It is clear to us that the automobile was not furnished to the son for his regular use. The automobile was owned by the partnership and used in the partnership business. The son's use was wholly occasional, and depended upon the father's permission in each instance. There was nothing resembling a general privilege to use the car at the son's initiative and when he pleased. We therefore disagree with the basis of decision in the trial court and in the Appellate Division.

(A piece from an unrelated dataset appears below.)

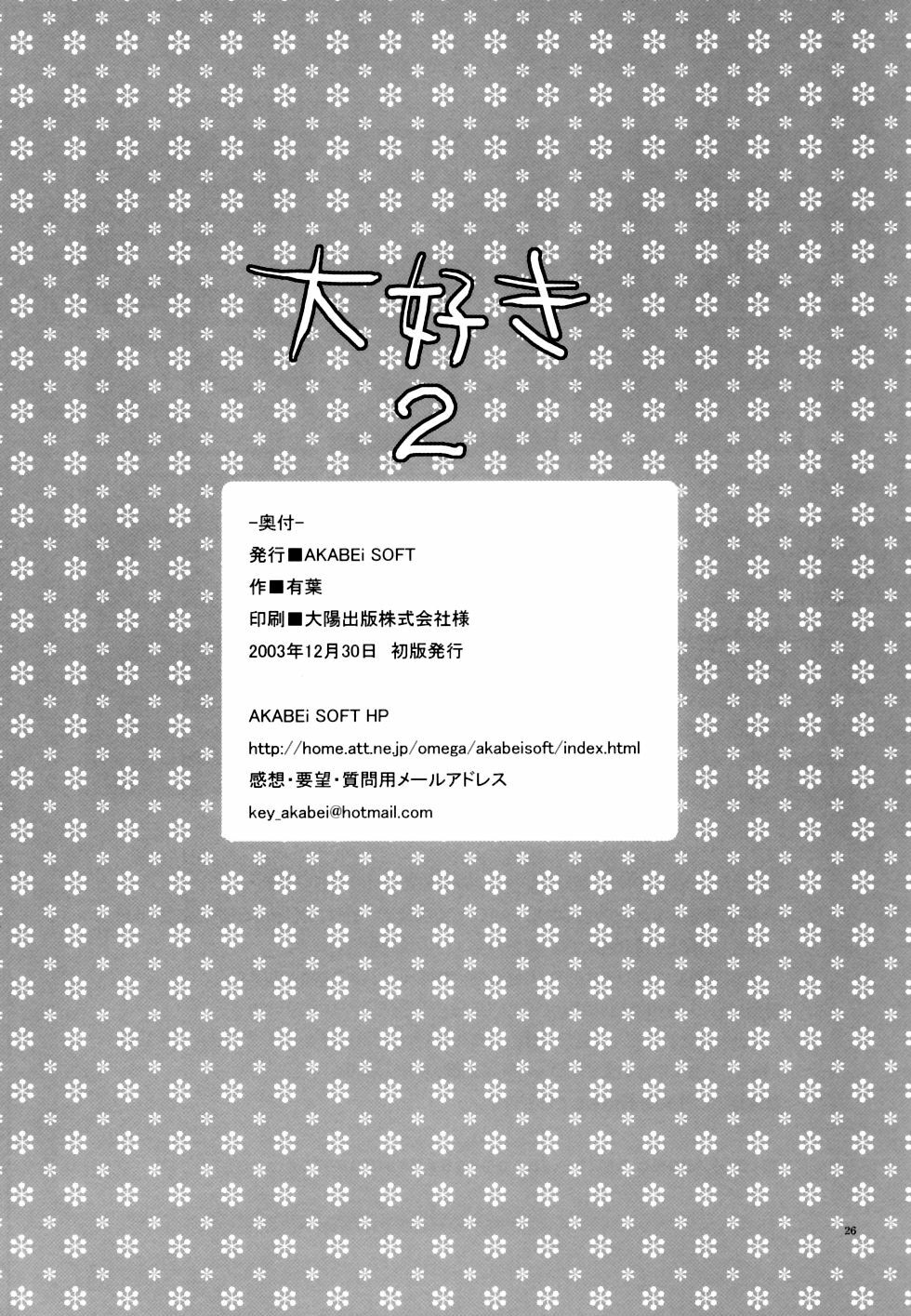 (C65) [AKABEi SOFT (Alpha)] Daisuki 2 (Samurai Spirits) page 25 full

As already noted, neither the trial court nor the Appellate Division dealt with the alternative position which the dissenting opinion in our Court accepts, (1) that coverage is denied all insureds if the vehicle was furnished for the regular use of any insured even though not furnished for the regular use of the insured who claims coverage, and (2) the automobile was furnished for the regular use of the father and hence the son is not covered.

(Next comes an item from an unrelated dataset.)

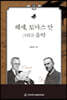 헤세, 토마스 만 그리고 음악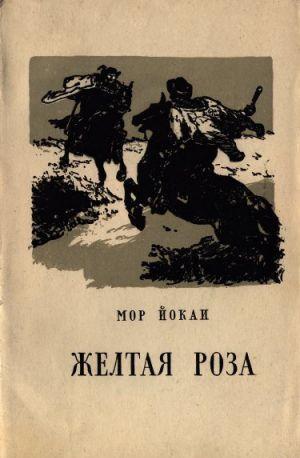 Жёлтая роза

The policy may be read literally to support the first proposition, for it says
"non-owned automobile" means an automobile or trailer not owned by or furnished for the regular use of either the named insured or any relative * * *. (Emphasis is ours.)
[63 NJ Page 606]
The dissenting opinion finds no ambiguity here. It does note that like provisions were found to be ambiguous in the majority opinions in Travelers Indemnity Co. v. Pray, 204 F.2d 821 (6 Cir. 1953), and Jusefski v. Western Casualty and Surety Co., 173 Cal. App. 2d 118, 342 P. 2d 928 (D. Ct. App. 1959), but agrees with criticisms of that view.

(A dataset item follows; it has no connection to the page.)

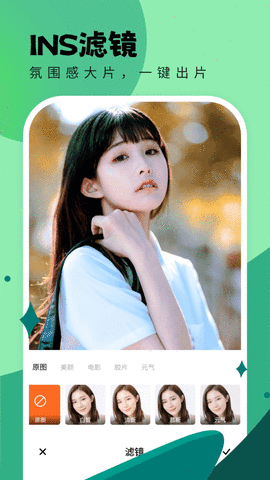 米米相机app下载官方版-米米相机app下载 1.0.0.101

Literally, the provision seems unambiguous. A sense of ambiguity arises from a sense of surprise when its terms are applied literally, for under a literal reading, it would follow that the named insured himself would never be covered, even on an isolated occasion, while driving a car owned by a relative living with him. Thus a most common familial situation is excluded from the coverage of a "family" insurance policy. That exclusion so undercuts the coverage the buyer of a policy would expect under a non-owned automobile provision as to raise a doubt that the insurer could have so intended. We could readily understand an insured's dismay if we recur to the underwriting concept mentioned above, that the "regular use" provision is intended to deny coverage in circumstances in which a reasonable man would expect protection only if the non-owned car was specifically listed in his policy. Surely no one would expect every member of a household to buy specific coverage for every automobile owned by every other member of the household. The more natural expectation is that each driver would carry his own policy, which policy would be excess insurance as to his operation of the other car or cars. (The policy before us of course contemplates excess coverage, saying "the insurance with respect to a * * * non-owned automobile shall be excess insurance over any other valid and collectible insurance.") The named insured, and his relative too, would not expect coverage as to an additional car owned by the named insured and not specifically insured. But here there was no purpose to overreach the insurer; the automobile was owned by a business partnership which carried liability insurance on the
[63 NJ Page 607]
car. It would be extraordinary to expect the father to take out a second policy on that car.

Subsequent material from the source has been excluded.